As we move further into the digital world, we have finally taken a leap into the next dimension of visualisation with the release of spatial displays from Looking Glass, including the 16” and 32” models. Technically, these are devices that allow people to experience 3D imagery without wearing a headset or cumbersome gadgetry. But what are they, and what do they signify about the future of enterprise and beyond?
Before I talk about how Looking Glass achieved it, it helps to understand what a hologram is. In essence, a hologram is a three-dimensional image created by the interference of two or more light beams generated by a laser or other coherent light source. Holography has been the dream of sci-fi geeks and invented by infernal-machine inventors – the stuff of science.
Looking Glass’s 16” and 32” spatial displays might be the next step in 3D visualisation for people who create and work with 3D digital images, video and applications in real time, and for people who work with large data sets. The key element of these unlike devices is that group-viewing is possible, without VR headsets, allowing for a more natural interaction with digital content.
Looking Glass is by no means the only company to investigate related augmented reality solutions, but its devices diffuse spatial displays such that they can’t be experienced by wearing a headset, and can easily be shared with others, in ways that surpass shared-display offerings from competitors such as Magic Leap Workshop, which still requires a headset to experience.
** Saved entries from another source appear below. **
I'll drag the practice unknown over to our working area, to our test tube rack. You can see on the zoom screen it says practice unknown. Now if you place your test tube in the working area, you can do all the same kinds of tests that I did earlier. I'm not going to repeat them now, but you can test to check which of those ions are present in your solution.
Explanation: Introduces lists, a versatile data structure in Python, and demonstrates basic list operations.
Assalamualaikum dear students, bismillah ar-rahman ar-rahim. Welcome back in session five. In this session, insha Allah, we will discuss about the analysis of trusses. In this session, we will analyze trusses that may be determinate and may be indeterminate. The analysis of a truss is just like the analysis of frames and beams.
This realisation of the potential of such spatial displays is being played out in industry, as design studios model the products of tomorrow, medical students dissect a perfect cadaver and museums breathe life into ancient artefacts. We are on the verge of a digital leap that will see a radical new way of communicating, with increasing expectation and scope for users to experience and interact with the very digitised fabric of the world.
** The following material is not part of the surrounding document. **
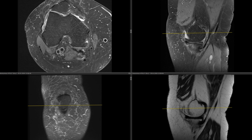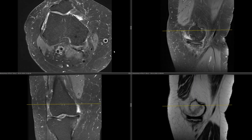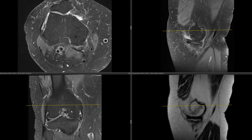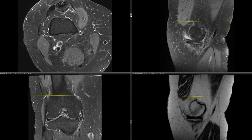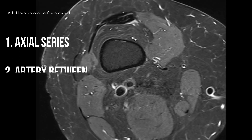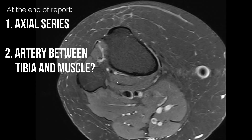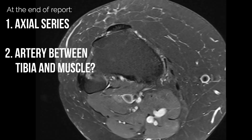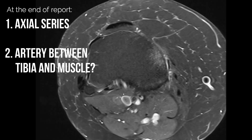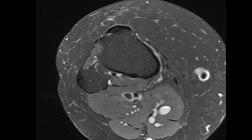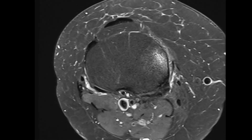The last thing I want to show you is an easy trick so you never miss this variant again. Assume you're reporting a knee MRI using the standard template — medial, lateral, central, patellofemoral. The very last step before closing the study: open the axials, scroll through once, and just check the danger zone behind the proximal tibia for a vessel. If there is a vessel, report it. If there is no vessel, say nothing. This takes about two seconds, and that way you will never miss this variant again.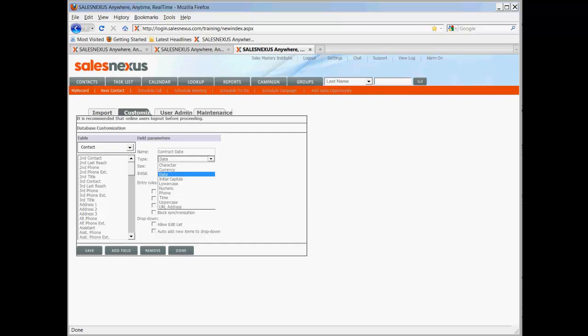Changing it once you've set it could cause you to lose data. Such as if you try to have a character field with alpha numeric in it and change it to a numeric field, any field that has alpha characters in it would lose that data. So you want to be careful not to make any changes after the fact that you need to.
But, considering the harmony between digital technology and the physical world is becoming more and more elusive, a step in the right direction made by technologies such as Looking Glass’s spatial displays is a reason to be hopeful about the future: that one day, instead of seeing it, we’ll feel it.
Our Looking Glass now brings into focus how a medium of spatial displays will vault us into a holographic era of ubiquitous visualisation; an augmented leap from how we today touch and manipulate digital knowledge, into how we’ll one day author, educate and collaborate in a new pixelated realm.